O sr. Albérico recebeu-me com euforia.
− Então, rapaziada, o que os traz por cá?
− Queremos comprar brinquedos para o Natal – Disse eu. 
O meu irmão mais velho optou por uma camioneta de cabine vermelha e caixa de carga amarelo vivo. Só as rodas eram pretas como as demais.
O meu segundo irmão, o Leonel, optou por um casaco novo. Era, de todos nós, o mais vaidoso. Ainda hoje é.

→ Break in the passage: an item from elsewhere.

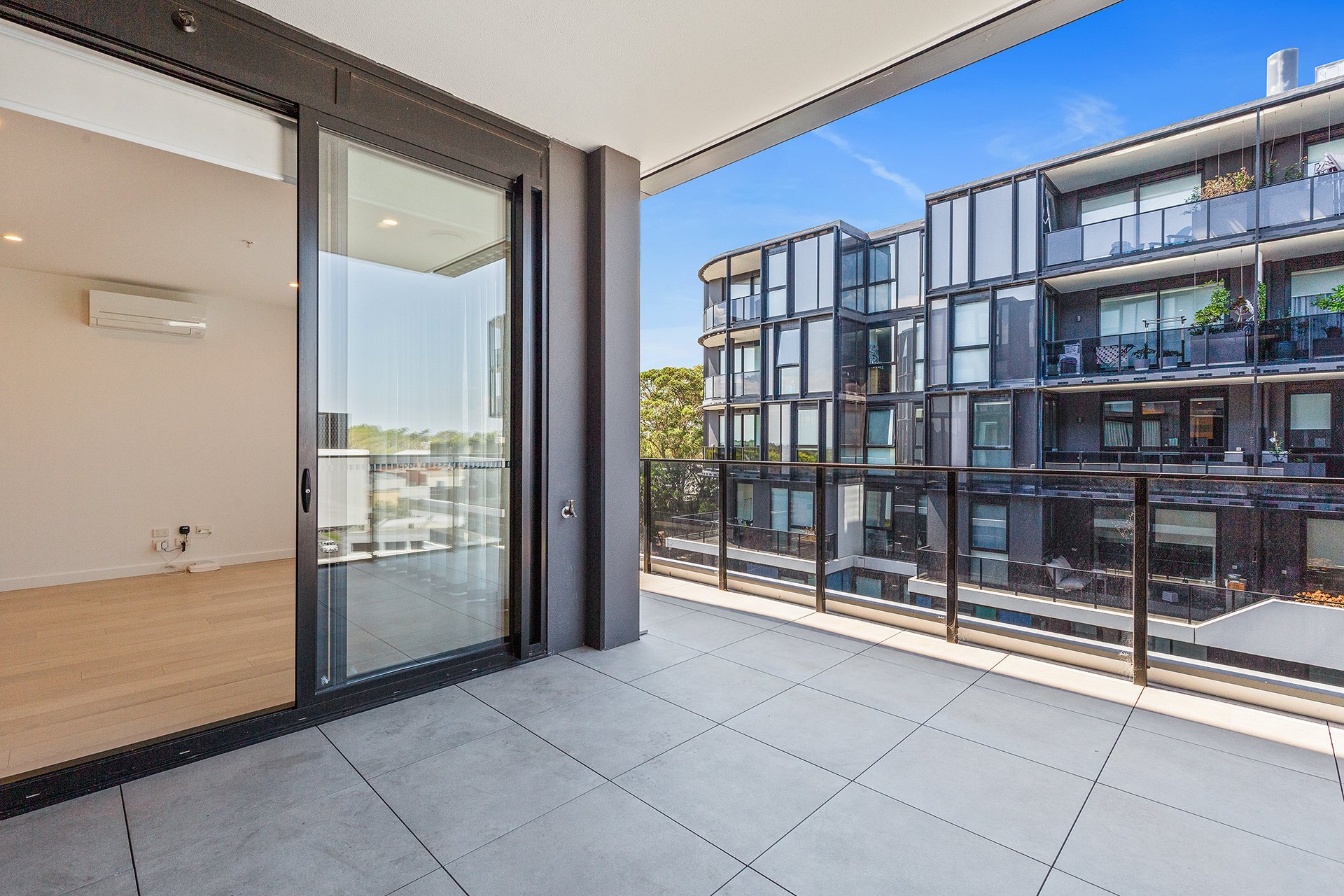 412/162 Whitehorse Road, Blackburn image 5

O sr. Albérico, apercebendo-se da minha indecisão, foi buscar um pião, daqueles que eram disparados por uma pistola. Até que era bonito. Pô-lo a rodar em cima do balcão e, repetidamente, ia dizendo:
− Isto nunca mais pára, pode estar aqui todo o dia e toda a noite que não pára.
Pouco tempo depois:
− Vou ter de parar o pião para atender ali aquele senhor, senão rodava sem nunca parar.
Comprei-o.
Quando cheguei a casa, à casa do Tio Cardoso, fui a correr para ele, alegre como nunca, e disse-lhe:
− Tio, comprei um pião que nunca pára de rodar.
O meu tio disse-me:
− Quem nunca mais pára de ser burro és tu!
Saí para a rua a chorar. Gritei:
− Tamegão, se o Natal fosse feito só por nós os dois, eu não tinha precisado de chorar.